We don’t linger too long once our dishes are cleared. People are already circling, eyeing up our empty plates and glasses, ready to jump into our spot as soon as we look like moving. I sympathise. We gather up coats and umbrellas and head back out into the Lisbon night. I’m ready to end the evening with a song.


It’s thankfully dry so we decide to walk rather than jump back on the metro. Naturally, this means we start off in completely the wrong direction, and then we end up walking up an extremely steep hill. Its only when we walk past the Bica funicular, sleeping for the night, that I realise why its so steep. We haven’t found the famous Lisbon hills too bad so far but this one’s a thigh workout and lung-buster. No wonder they stuck a convenient funicular here.
We weave round the streets of Bairro Alto for a while. I have a destination in mind. Mr Fletche doggedly goes along with it, trusting that there will be a drink and a sit-down at the end. We turn onto the lively Rua Diário de Notícias, with international flags fluttering overhead. Mr Fletche looks longingly at the bars opposite, seating people immediately with a promise of fado for the price of a drink, as we join the not insignificant queue outside Tasco do Chico. This is the place to be for fado on a Wednesday night. Everyone seems to agree.
With fado sets every 30 minutes, the queue moves quickly. They arrange newcomers in an efficient fashion – first you’re sent to the tiny bar at the back of the room, and then staff direct you to the next available seats. Time Out Market should consider a similar system. We are seated at a table with a Brazilian woman visiting solo, and a Portuguese man who shyly admits he’s an amateur fadista. He’s soon sharing YouTube videos with us of his performances. The room goes dark and silence falls. It turns out the doorman/queue-wrangler is also our singer for the evening. What follows is an emotionally charged performance, filled with the sorrow and longing which typifies fado music. We nurse an excellent house red wine before heading back out into the night.

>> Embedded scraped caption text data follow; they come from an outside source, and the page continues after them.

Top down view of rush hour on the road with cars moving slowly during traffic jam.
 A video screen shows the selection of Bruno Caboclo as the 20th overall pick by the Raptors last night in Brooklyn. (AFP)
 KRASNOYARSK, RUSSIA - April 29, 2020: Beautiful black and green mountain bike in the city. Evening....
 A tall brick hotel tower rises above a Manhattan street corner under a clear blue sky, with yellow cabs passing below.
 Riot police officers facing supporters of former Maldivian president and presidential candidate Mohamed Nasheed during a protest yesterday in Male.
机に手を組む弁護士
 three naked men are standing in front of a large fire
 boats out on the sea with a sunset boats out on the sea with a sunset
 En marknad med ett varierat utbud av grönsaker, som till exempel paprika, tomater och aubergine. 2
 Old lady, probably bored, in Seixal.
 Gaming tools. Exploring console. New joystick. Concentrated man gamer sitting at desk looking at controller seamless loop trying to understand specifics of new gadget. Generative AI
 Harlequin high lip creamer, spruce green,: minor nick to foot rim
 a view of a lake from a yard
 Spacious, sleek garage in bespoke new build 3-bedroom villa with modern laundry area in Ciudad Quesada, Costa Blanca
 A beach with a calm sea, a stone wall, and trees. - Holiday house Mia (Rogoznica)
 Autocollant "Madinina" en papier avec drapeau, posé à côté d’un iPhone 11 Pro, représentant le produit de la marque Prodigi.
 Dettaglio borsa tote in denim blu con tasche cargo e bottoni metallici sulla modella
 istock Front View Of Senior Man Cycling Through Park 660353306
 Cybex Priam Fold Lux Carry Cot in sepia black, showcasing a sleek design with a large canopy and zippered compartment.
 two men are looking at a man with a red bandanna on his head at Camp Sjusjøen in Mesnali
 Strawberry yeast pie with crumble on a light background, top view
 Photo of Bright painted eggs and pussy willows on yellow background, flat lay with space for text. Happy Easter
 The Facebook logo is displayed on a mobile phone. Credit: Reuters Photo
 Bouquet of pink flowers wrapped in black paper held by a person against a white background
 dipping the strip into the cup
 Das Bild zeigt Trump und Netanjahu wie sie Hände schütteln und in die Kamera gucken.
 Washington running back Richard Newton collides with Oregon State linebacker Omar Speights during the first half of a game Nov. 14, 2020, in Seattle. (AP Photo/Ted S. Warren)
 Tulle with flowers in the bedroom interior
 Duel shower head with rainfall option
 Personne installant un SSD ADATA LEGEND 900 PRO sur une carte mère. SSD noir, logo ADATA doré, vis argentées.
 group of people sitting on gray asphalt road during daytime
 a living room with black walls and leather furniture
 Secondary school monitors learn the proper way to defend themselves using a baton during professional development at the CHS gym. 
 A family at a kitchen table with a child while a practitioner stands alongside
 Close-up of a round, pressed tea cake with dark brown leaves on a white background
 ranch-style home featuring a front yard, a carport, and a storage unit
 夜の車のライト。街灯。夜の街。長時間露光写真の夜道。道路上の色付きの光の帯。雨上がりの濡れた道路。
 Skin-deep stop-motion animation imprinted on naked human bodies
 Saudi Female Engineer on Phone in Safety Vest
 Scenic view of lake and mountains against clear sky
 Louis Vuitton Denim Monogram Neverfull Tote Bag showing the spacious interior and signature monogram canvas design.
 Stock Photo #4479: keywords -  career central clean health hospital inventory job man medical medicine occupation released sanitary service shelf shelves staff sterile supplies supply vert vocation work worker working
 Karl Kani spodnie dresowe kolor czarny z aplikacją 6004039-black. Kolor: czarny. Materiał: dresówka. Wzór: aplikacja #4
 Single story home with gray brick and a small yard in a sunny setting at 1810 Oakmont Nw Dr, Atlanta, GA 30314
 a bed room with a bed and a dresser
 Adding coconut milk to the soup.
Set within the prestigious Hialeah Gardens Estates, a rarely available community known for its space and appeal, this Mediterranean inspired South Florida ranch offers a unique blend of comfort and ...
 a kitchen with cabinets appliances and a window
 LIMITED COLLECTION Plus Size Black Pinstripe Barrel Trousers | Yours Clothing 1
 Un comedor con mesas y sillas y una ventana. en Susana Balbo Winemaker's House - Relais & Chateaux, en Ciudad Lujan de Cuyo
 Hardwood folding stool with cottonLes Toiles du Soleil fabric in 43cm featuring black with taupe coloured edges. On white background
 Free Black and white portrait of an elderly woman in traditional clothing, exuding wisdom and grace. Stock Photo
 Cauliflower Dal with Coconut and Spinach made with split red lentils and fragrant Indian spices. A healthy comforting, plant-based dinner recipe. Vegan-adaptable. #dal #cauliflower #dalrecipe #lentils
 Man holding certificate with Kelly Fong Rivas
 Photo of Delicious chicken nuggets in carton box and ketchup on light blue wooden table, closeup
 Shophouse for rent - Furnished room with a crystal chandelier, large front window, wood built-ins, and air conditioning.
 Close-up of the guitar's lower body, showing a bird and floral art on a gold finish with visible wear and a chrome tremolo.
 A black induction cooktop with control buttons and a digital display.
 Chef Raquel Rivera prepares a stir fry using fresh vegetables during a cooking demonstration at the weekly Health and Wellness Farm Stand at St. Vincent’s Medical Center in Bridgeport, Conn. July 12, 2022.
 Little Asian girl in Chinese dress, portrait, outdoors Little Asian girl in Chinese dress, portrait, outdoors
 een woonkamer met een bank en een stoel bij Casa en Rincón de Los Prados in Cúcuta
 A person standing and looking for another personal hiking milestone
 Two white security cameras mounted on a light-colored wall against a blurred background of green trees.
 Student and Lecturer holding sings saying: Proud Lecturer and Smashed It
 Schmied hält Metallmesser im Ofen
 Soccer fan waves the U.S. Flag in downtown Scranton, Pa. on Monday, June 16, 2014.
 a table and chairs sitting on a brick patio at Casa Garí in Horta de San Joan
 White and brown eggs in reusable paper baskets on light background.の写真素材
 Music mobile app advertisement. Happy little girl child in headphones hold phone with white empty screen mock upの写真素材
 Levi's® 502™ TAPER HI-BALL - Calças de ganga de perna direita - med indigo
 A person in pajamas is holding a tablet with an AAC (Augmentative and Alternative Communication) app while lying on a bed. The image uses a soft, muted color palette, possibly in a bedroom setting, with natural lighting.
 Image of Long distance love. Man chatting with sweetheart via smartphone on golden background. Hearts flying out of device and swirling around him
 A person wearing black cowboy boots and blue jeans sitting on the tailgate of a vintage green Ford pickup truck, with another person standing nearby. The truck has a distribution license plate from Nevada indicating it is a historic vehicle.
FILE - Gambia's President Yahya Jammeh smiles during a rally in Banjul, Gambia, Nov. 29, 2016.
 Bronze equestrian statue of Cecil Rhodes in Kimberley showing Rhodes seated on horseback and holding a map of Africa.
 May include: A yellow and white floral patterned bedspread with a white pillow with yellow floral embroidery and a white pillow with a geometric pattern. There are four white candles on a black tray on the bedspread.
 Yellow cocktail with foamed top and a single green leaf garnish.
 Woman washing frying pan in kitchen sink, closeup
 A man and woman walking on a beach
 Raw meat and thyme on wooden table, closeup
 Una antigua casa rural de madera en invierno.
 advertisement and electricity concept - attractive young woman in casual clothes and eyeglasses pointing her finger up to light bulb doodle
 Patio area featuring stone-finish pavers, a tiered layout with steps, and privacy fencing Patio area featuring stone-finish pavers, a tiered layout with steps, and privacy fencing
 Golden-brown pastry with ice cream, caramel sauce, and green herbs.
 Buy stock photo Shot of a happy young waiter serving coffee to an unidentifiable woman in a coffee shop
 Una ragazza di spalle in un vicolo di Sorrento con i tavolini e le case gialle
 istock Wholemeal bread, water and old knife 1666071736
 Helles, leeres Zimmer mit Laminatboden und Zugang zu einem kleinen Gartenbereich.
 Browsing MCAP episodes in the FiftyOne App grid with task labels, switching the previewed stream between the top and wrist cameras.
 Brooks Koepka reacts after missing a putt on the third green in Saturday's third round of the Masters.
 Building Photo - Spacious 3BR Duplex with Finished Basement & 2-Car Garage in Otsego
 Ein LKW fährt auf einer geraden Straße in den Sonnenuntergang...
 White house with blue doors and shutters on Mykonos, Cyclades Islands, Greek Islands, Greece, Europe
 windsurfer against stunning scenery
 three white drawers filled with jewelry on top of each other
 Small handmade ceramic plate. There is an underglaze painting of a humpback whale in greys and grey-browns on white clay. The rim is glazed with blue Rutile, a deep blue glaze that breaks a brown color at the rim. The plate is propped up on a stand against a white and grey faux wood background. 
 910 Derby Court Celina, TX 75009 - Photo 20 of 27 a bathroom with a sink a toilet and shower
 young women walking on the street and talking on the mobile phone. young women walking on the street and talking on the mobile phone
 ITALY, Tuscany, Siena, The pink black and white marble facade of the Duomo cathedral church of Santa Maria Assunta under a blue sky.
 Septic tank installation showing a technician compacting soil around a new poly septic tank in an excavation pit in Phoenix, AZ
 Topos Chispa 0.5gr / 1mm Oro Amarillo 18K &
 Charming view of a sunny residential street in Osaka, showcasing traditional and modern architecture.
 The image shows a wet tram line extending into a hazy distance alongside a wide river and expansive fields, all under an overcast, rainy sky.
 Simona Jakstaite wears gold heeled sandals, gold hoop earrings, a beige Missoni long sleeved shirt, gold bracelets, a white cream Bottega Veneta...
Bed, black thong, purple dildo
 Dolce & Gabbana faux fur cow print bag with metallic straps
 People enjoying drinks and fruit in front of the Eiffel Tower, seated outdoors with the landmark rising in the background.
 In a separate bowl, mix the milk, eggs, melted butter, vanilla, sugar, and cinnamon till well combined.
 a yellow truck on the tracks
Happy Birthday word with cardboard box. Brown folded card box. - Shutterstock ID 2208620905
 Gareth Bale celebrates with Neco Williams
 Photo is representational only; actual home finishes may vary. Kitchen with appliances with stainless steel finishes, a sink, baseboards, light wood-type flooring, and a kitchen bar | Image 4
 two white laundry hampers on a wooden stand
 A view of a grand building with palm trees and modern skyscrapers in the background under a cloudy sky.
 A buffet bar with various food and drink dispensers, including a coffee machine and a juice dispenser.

Baixa to Chiado (and vice-versa) tip: Use the Baixa-Chado Metro Station and its escalators as a short-cut to travel between the two neighbourhoods – especially handy when its raining. Beats standing in line for the Santa Justa Lift.
It’s been an exhausting day. We’ve dragged water-logged clothes around with us, and we have both used our full supply of dry socks on Day One. We’ve walked 25.5k steps, a total of 10.5 miles and climbed 52 floors. Tomorrow’s weather is not looking promising. We will head to Alfama early doors, and see what happens from there.